Todd Morissette: When I got into the underwater logging business it was a whole different world. I am now the person actually doing the salvaging, sawing the wood, sorting and milling it. It is all extremely hands on and has given me an entirely new education and outlook on how wood in general is processed and used. And the fact that it is reclaimed and difficult to get has also given me a whole different outlook in regards to yield, grading and down-stream recovery.
TakePart: Is there a deadhead forest under the cold waters of deep Maine lakes?
Todd Morrissette: There is a lot of material there…the difficult part is finding a body of water that has enough logs to make a salvage viable—to bring in the equipment and get the permits—and has a landing area or “take out point” that I can access in order to haul the logs out. It is much easier in northern Maine, where logging, in general, is a part of life, and there are less people.
In reality, because of the way I salvage, people really can’t tell what I am doing on the water. I have had camp owners on Moosehead watch me salvaging in front of their camps, and when their curiosity gets the best of them they will hop in their boats, come out to see me and ask what I am doing. I have to point out the logs under the boat and explain the process before they ever realize what I have been doing. From shore it just looks like an odd-looking boat spinning slowly in circles.
TakePart: How many logs do you pick up at a time/can your boat handle?
Todd Morrissette: I pick up one log at a time. Once I have the log to the boat, I tie it off to the side and go get another. Depending on the size and length of the logs I can handle anything from 10 to 20 logs in any one trip. My best salvage day was two trips for a total of 29 logs in one day—which equals about 3,500 Bft. But weather and distance from my landing area are a huge factor. If working the north end of Moosehead lake, it takes me an hour to get up there and about four to five hours to get back with a load of logs on the boat. I have had days where I spent six hours getting logs, and the weather has gotten really bad. And I have had to to cut them loose again, only to have to go back the next day and pick them up again.
TakePart: What are your customer's reactions when purchasing wood flooring or furniture? Are they into it for the story?

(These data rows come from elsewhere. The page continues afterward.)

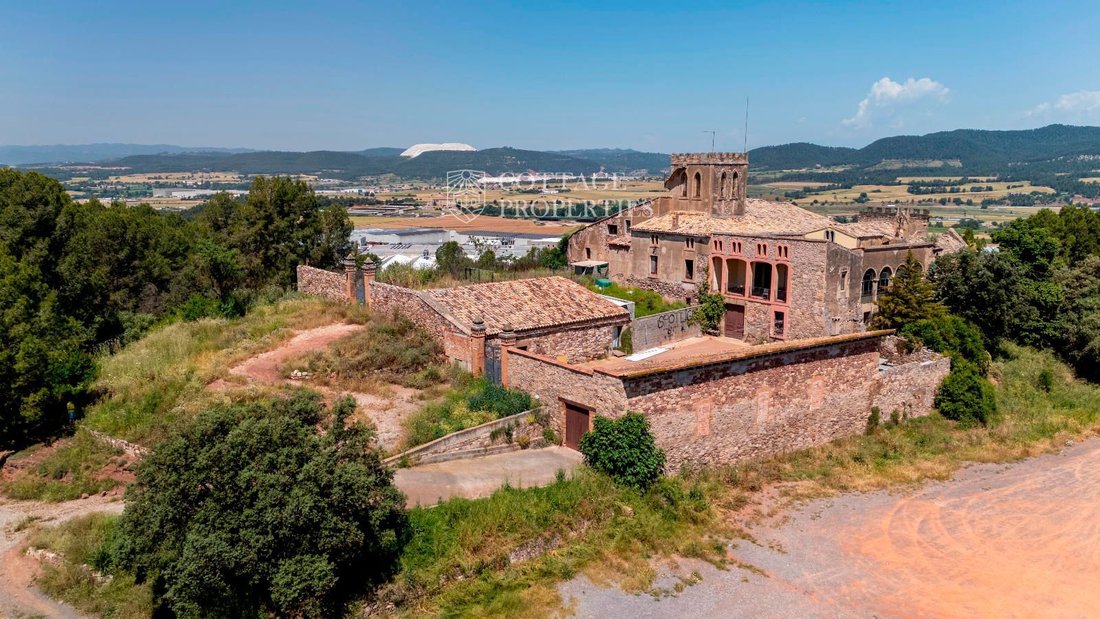 Finca in Artes, Catalonia, Spain 4 - 18352921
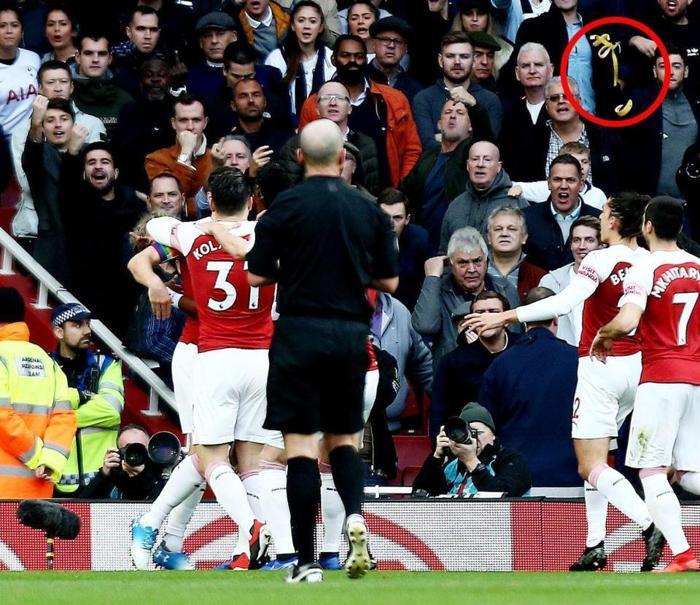 Arsenalın yıldızı Pierre-Emerick Aubameyanga ırkçı saldırı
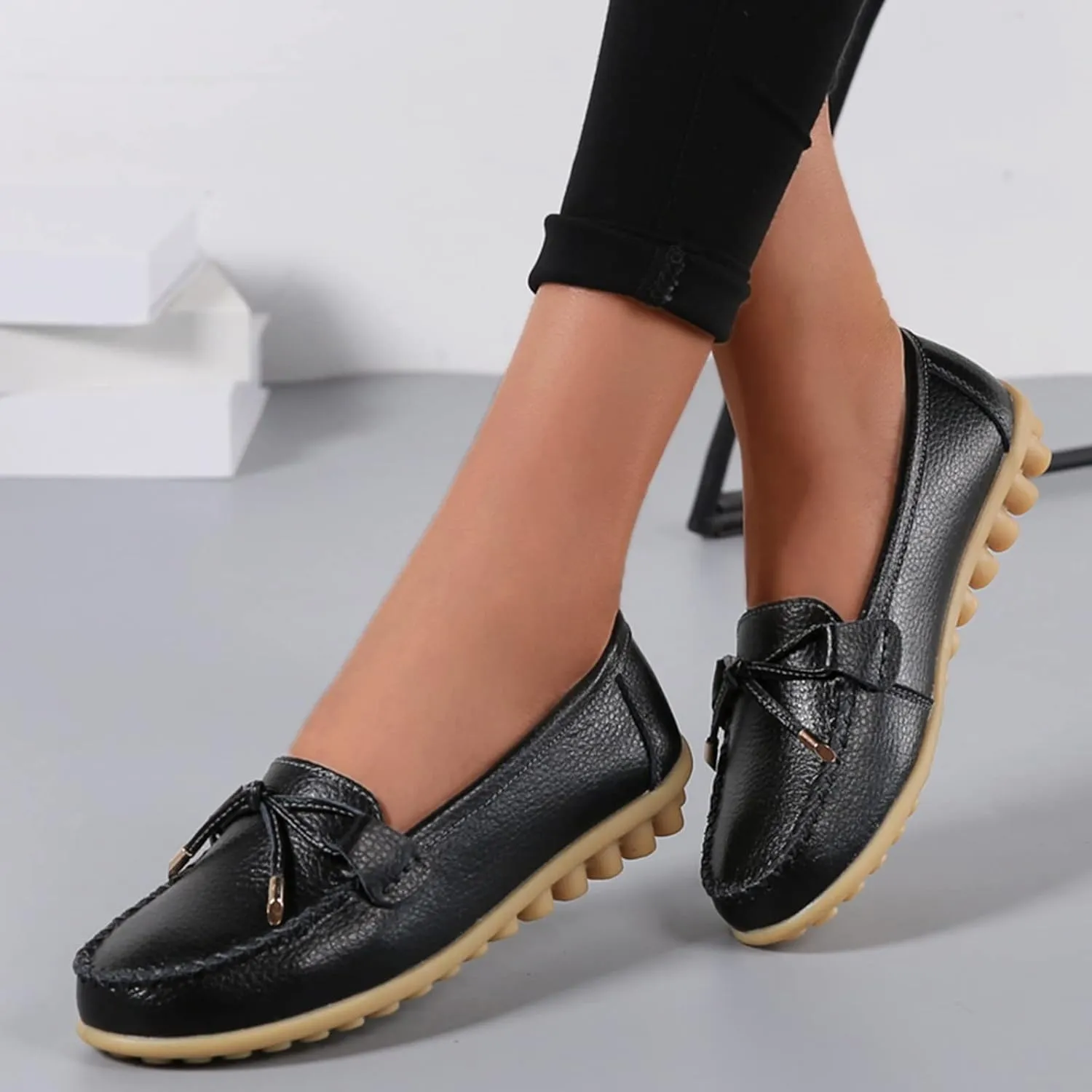 AMDBEL Flats Shoes Women Dressy Comfortable Women's Leather Slip On Loafers Casual Round Toe Moccasins Wild Driving Boat Flat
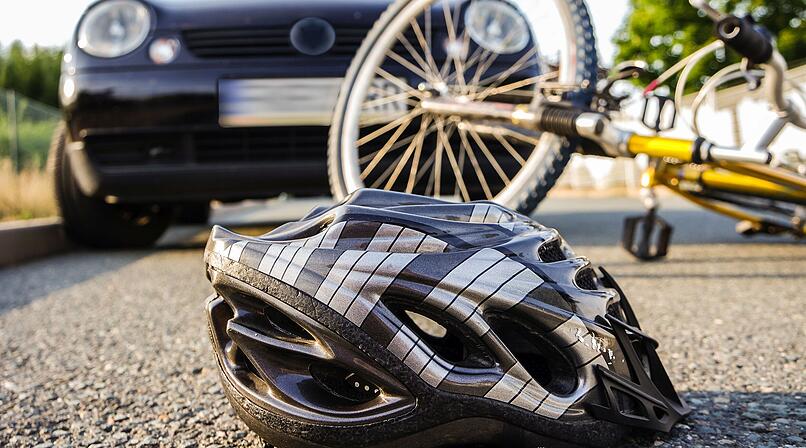 Bad Rodach: Radfahrer mit Kopfplatzwunde in Klinik gebracht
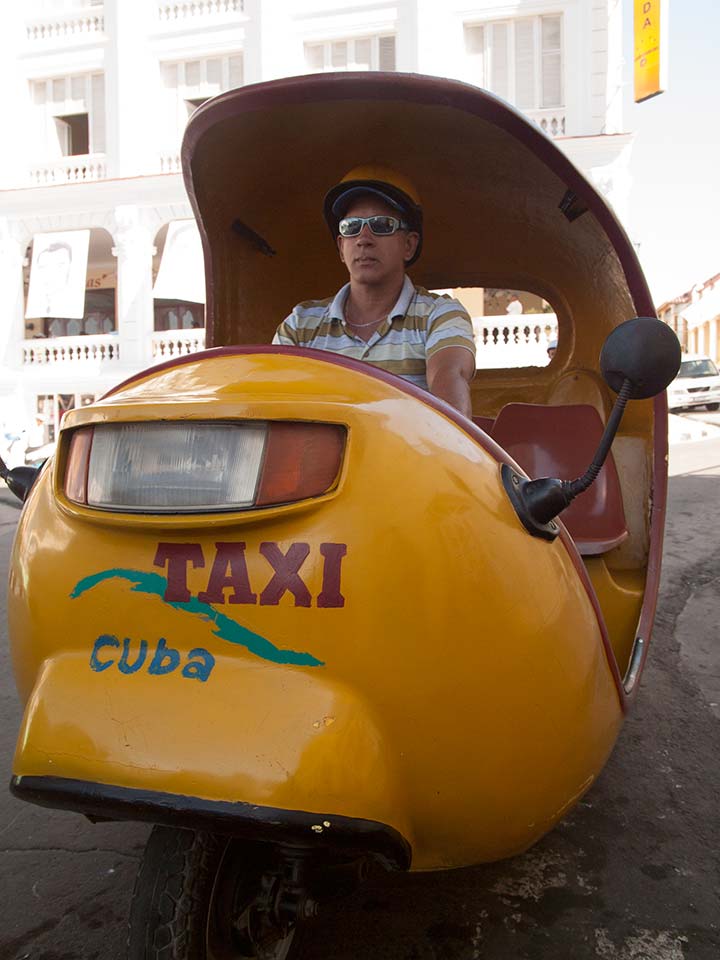 Coco Taxi in Santiago de Cuba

Todd Morrissette: Most people are mainly interested because of the story, and it really doesn’t even matter what the species of wood is. They love the history of Maine logging, and the era from when it was cut. Or they love the fact that it was salvaged from the bottom of a lake. Whatever the reason, they love the story.
TakePart: How do you feel about the current Maine logging industry?
Todd Morrissette: I like the reclaimed business of underwater, industrial and urban salvage, especially as it can take pressure off our forests. But logging (at least in this neck of the woods) today is also so different than it was in the past. With ATF and FSC certifications logging today is done in a responsible manner, especially hardwood logging.
What you don’t get from conventional logging today is the quality of wood that we get from most salvaged woods. I think my feelings on logging today are a little more complex than that answer, but in short, that just about covers it.